- **Problem to solve**
Starting at the line below that contains "Saco de invierno" and ending at the line that contains "30 Historias NBA: Rondae", retype each line exactly as it stands, but omit the pictures.

- **Available records**
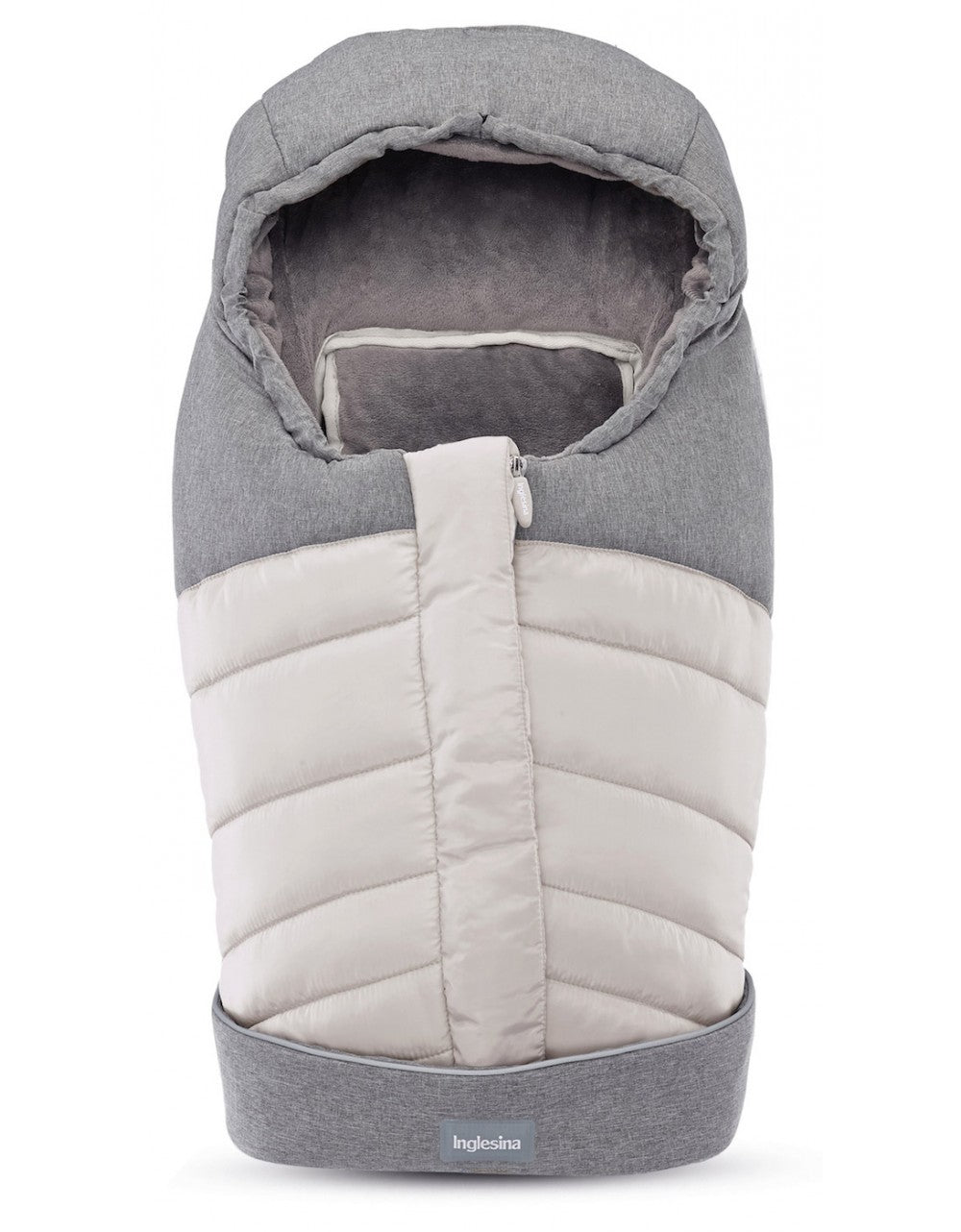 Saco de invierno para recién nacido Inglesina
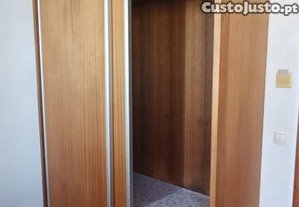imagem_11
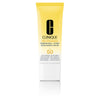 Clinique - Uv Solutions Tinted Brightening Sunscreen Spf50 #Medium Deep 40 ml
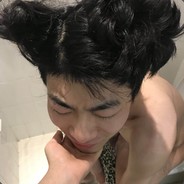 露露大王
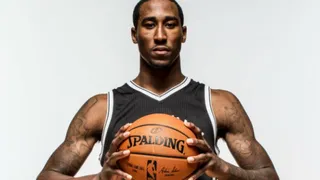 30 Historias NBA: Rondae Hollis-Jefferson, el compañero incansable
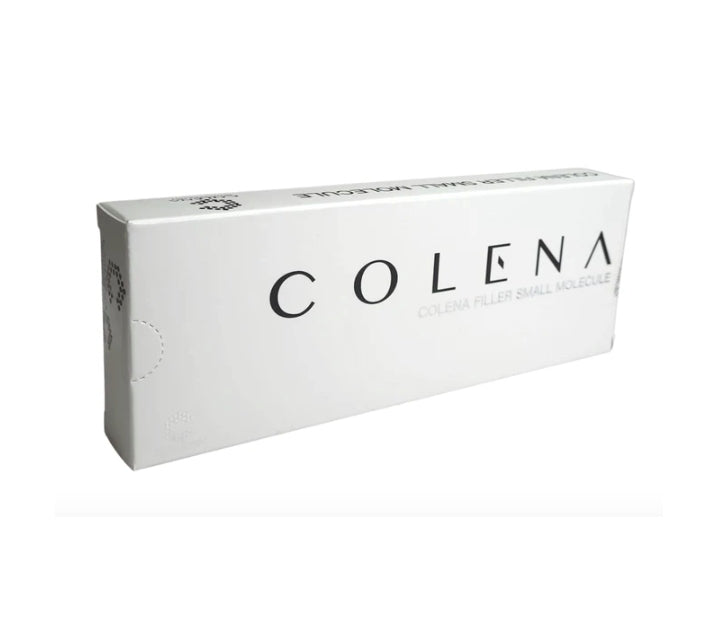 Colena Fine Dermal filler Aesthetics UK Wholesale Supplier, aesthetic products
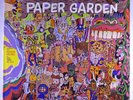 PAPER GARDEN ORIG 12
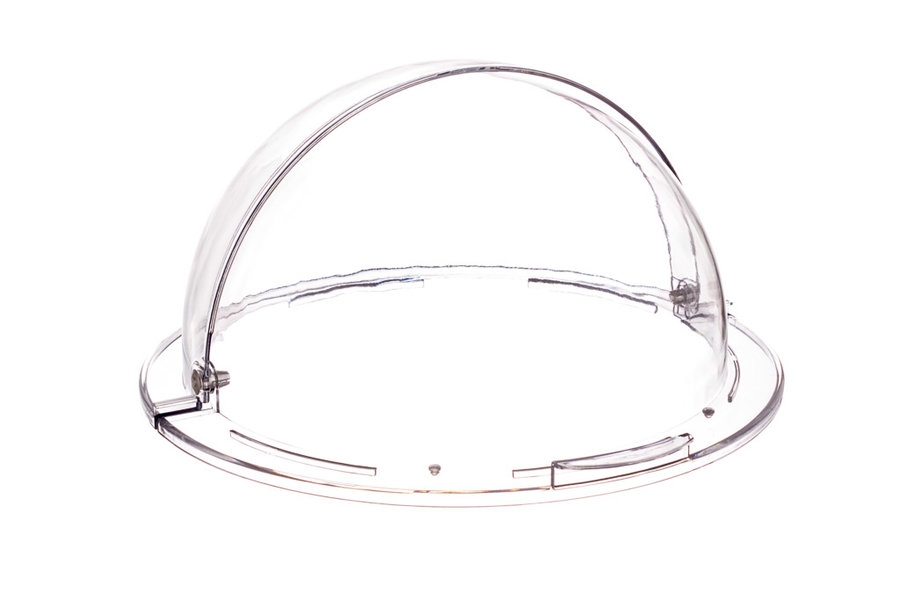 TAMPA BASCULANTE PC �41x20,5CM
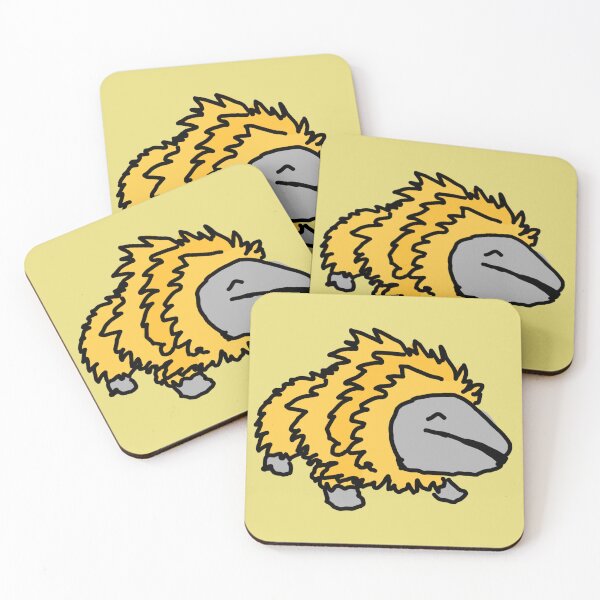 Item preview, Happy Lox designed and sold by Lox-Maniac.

* * *

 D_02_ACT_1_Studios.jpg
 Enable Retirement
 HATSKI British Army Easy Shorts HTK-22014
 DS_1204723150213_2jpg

- **Output of the exercise**
 Saco de invierno para recién nacido Inglesina
imagem_11
 Clinique - Uv Solutions Tinted Brightening Sunscreen Spf50 #Medium Deep 40 ml
 露露大王
 30 Historias NBA: Rondae Hollis-Jefferson, el compañero incansable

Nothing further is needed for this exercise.